The UK’s employment rate has hit levels not seen since records began in 1971.
Figures from the Office for National Statistics, published this morning, reveal the proportion of 16 to 64-year-olds in work, was 74.8%, while the number of people unemployed fell by 53,000 to 1.54m in the three months to March 2017.
Commenting on the figures, Recruitment & Employment Confederation CEO Kevin Green said they point to the growing skills crisis in the UK, backing up REC data showing falling candidate availability.
With real wages now falling, the main way to secure a pay rise is to move jobs. Recruiters are reporting that starting salaries continue to increase as employers offer pay incentives to attract the talent they need. At the same time, signs that the economy is creaking could be putting some people off from moving jobs and taking the associated risks.
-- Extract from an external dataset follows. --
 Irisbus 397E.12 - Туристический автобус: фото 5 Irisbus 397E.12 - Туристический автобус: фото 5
Whichever party forms a government after 8 June will have to get to grips with multiple challenges to keep the jobs market on course. Addressing the skills shortage needs to be a priority, because businesses will suffer if they are unable to fill vacancies. We need serious investment in skills for UK jobseekers, as well as an approach to immigration which is agile and pragmatic enough to meet labour market needs.
Also commenting on the figures, Julia Kermode, CEO of the Freelancer & Contractor Services Association (FCSA), an independent trade association for accountancy providers and umbrella firms, said the increase in permanent employment means business confidence is growing.
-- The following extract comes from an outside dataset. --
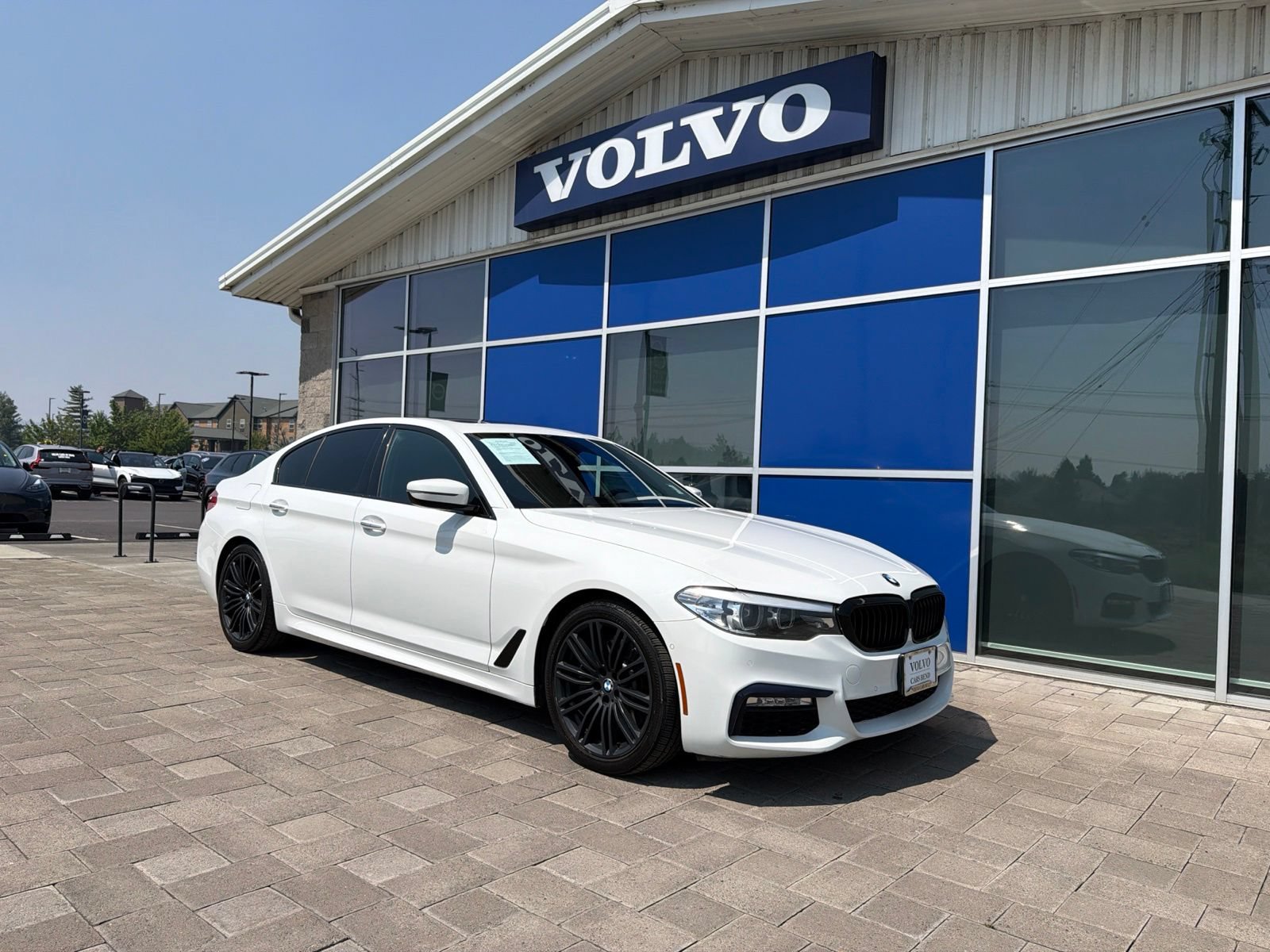 Used 2018 BMW 540i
Self-employment decreased slightly last quarter, but year-on-year the 381,000 increase in the UK workforce includes [more than] 82,000 self-employed, which is 21.5% of the increase in people working. However, we are also seeing some early indications of difficulties ahead, with CIPD’s survey results issued yesterday suggesting that 19% of organisations expect to announce a pay freeze with wages set to rise by just 1% in the year ahead. If that is the case then businesses are likely to become reluctant to add more permanent roles and will turn to freelancers to find short-term replacements to fill the gap, which will be good news for the flexible workforce.
Meanwhile Mariano Mamertino, EMEA economist at the global job site Indeed, reflected on a UK labour market pulling workers in opposing directions, with more jobs being created while both productivity and real wages are falling.
The UKs job creation engine continues to purr away, with both the number of people in work and the number of vacancies reaching record levels. But with inflation at its highest level for four years, wage growth is slowing and people’s pay packets are simply not keeping pace with rising prices. Those in work are slowly getting worse off.
Lee Biggins, founder and managing director of CV-Library, called the figures promising. It’s extremely promising to see that the number of people in work has increased, and our own job market data for the first quarter of 2017 found that jobs were up by 15.4% year-on-year and 14.5% quarter-on-quarter.
Finally, John Salt, director at job site totaljobs, said this latest fall in the UK’s unemployment rate is testament to a robust job market.
We may not know the outcome of the 8 June vote, but resilience in the face of change has been a feature of the job market this past year. Brexit and the shockwaves from across the Atlantic have done little to halt a continued fall in the unemployment rate, which is good news for the next government.